• Task goal: Your answer must be the lines of the material below, exactly as written, from its first line through the line with "Next, we are", and no pictures.

• Collected material:
Segment Open

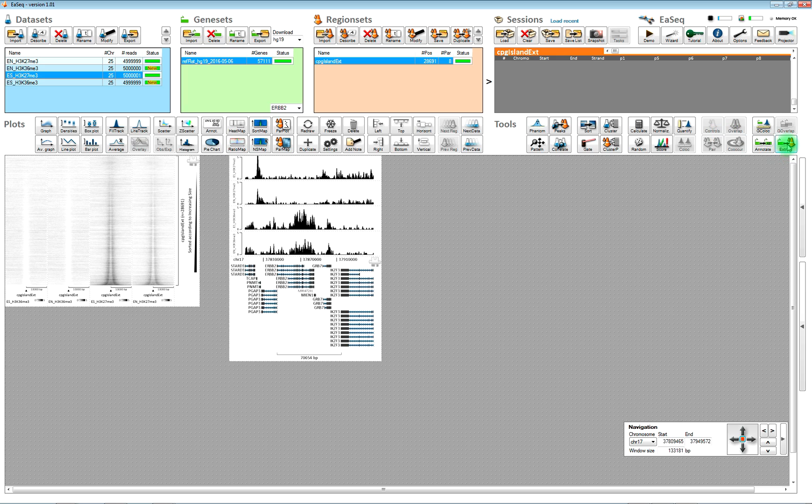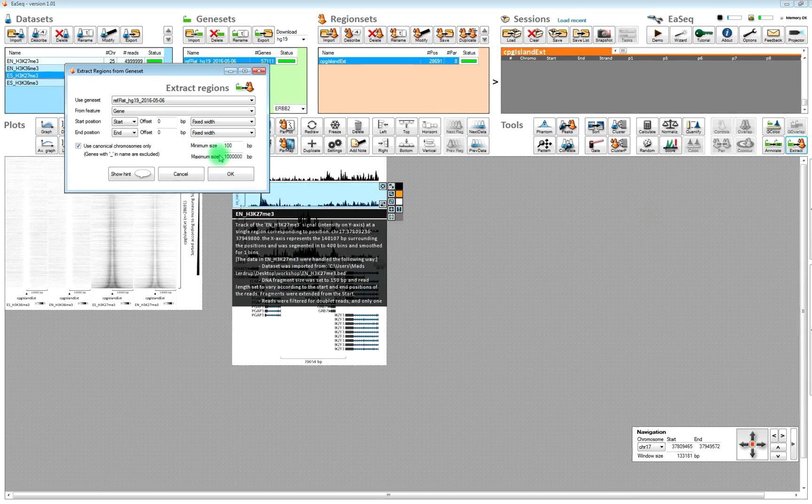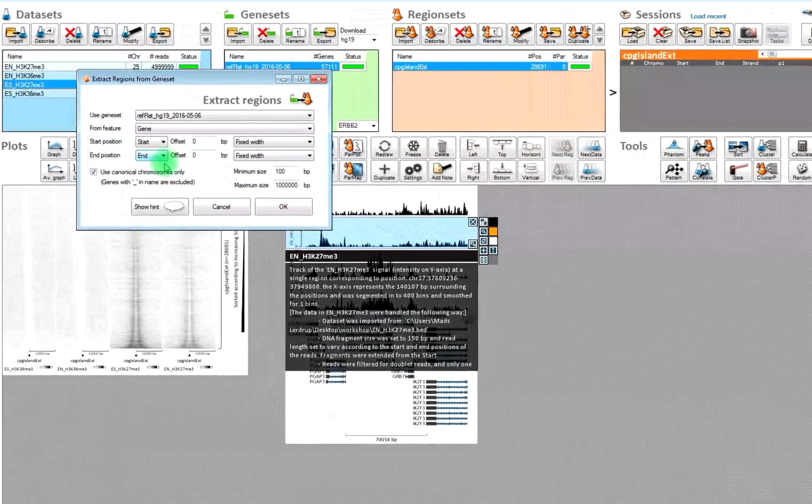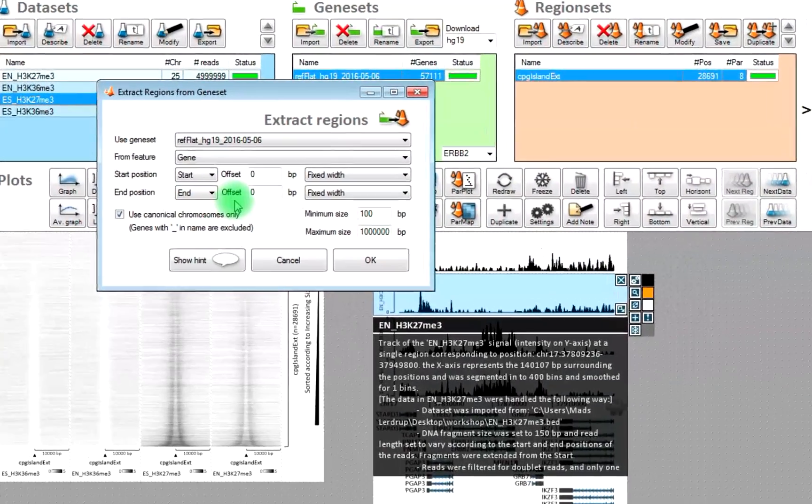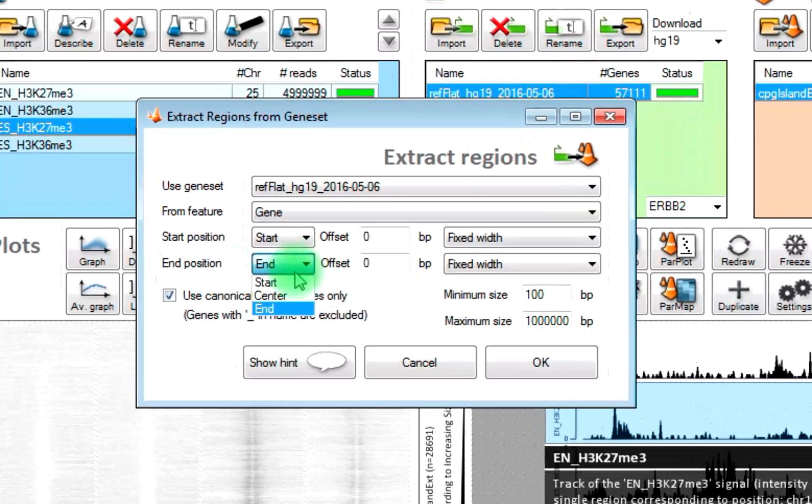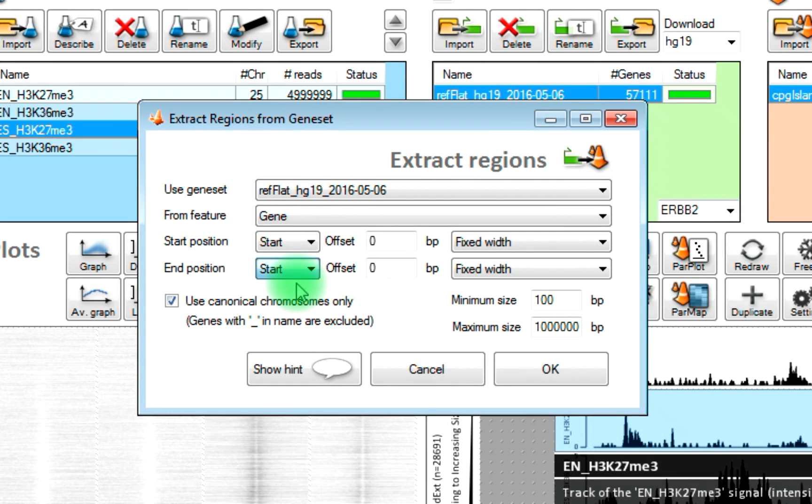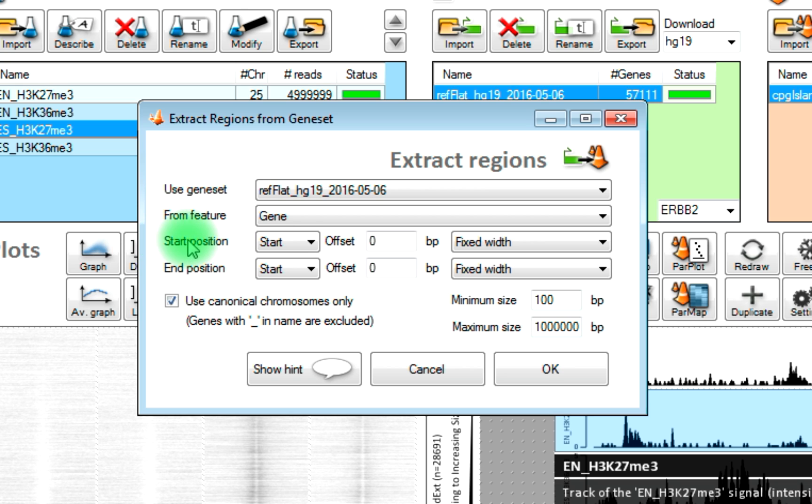We use this tool over here for that. And if we for instance wanted to extract the transcription start sites, then we change this setting to start. Then we are creating some regions that go from the start of the gene to the start of the gene.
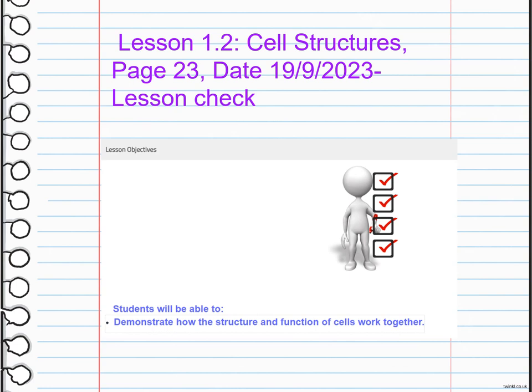Next, we are going to talk about the lesson check, where we will demonstrate how the structure and function of cells work together. Cells have specific structures that allow them to carry out their functions effectively.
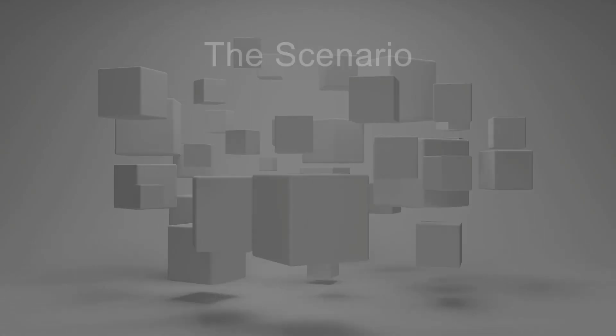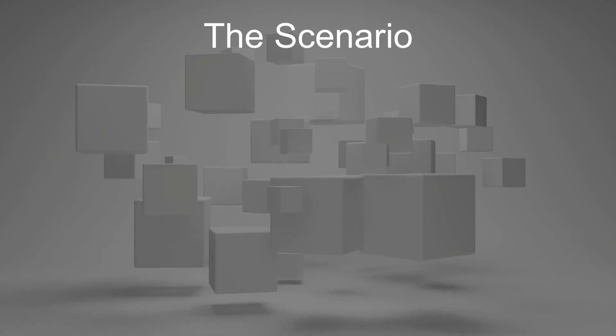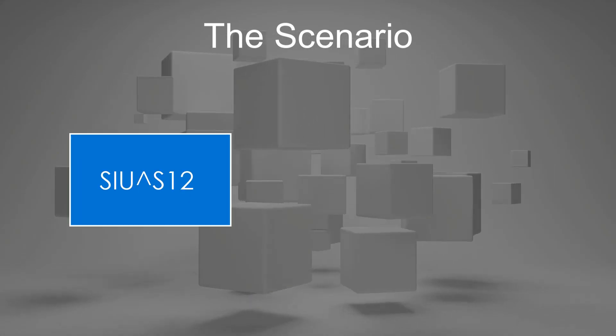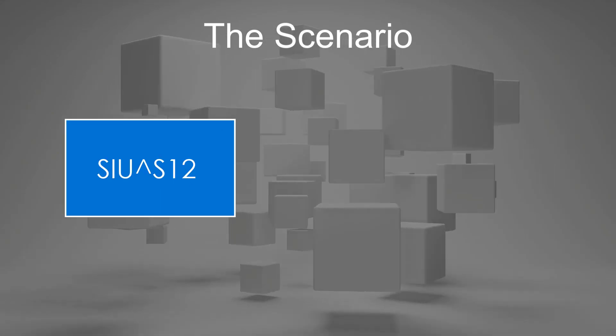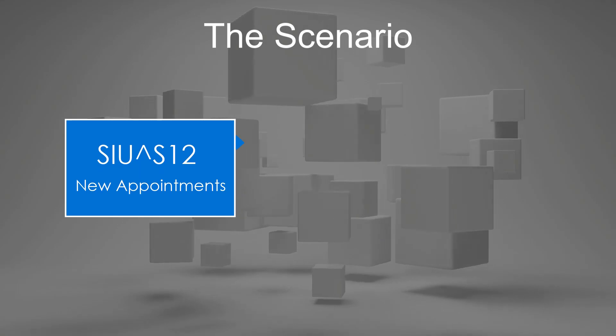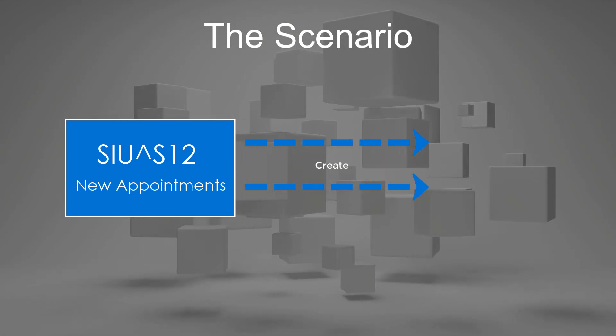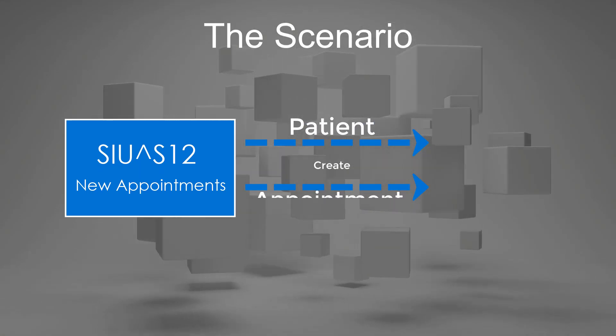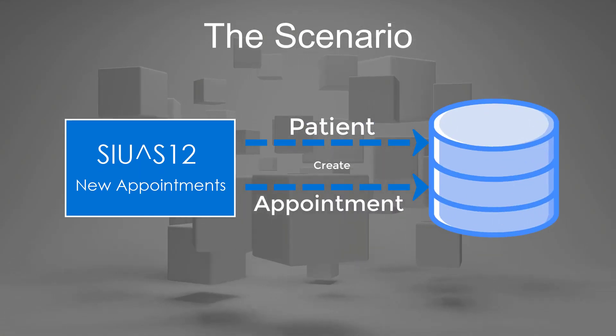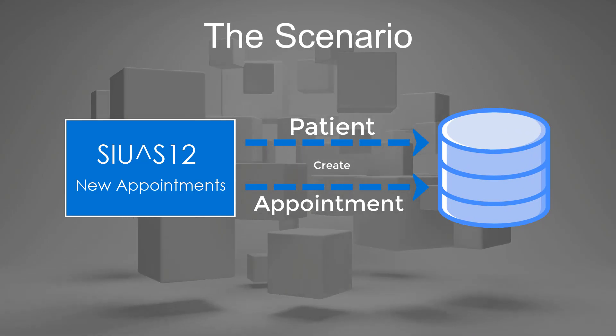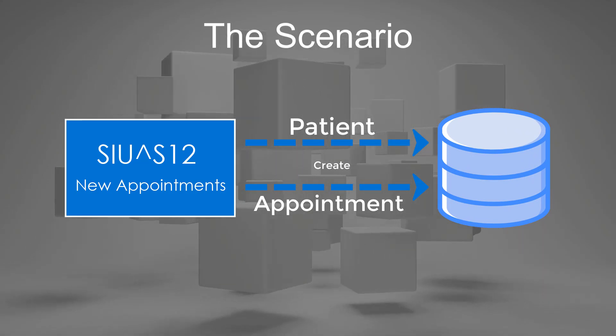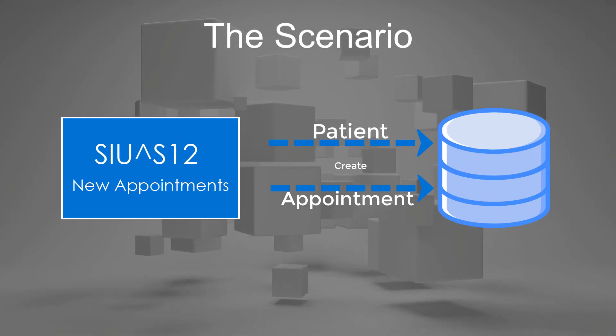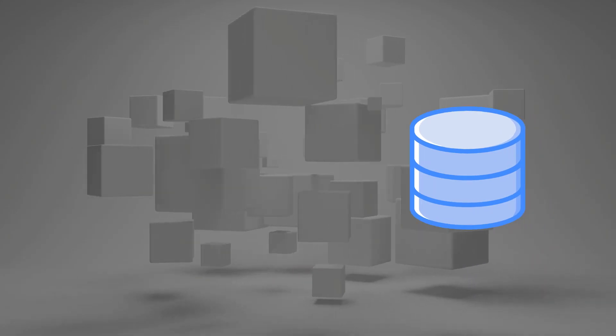Here's our scenario. I would like to receive SIU S12 HL7 messages, which are new appointments, and create patients and followed by appointments in our database. We've included a simple script that can generate this dummy database for you so you can easily follow along.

Segment Closed

• Response:
We use this tool over here for that. And if we for instance wanted to extract the transcription start sites, then we change this setting to start. Then we are creating some regions that go from the start of the gene to the start of the gene.
Next, we are going to talk about the lesson check, where we will demonstrate how the structure and function of cells work together. Cells have specific structures that allow them to carry out their functions effectively.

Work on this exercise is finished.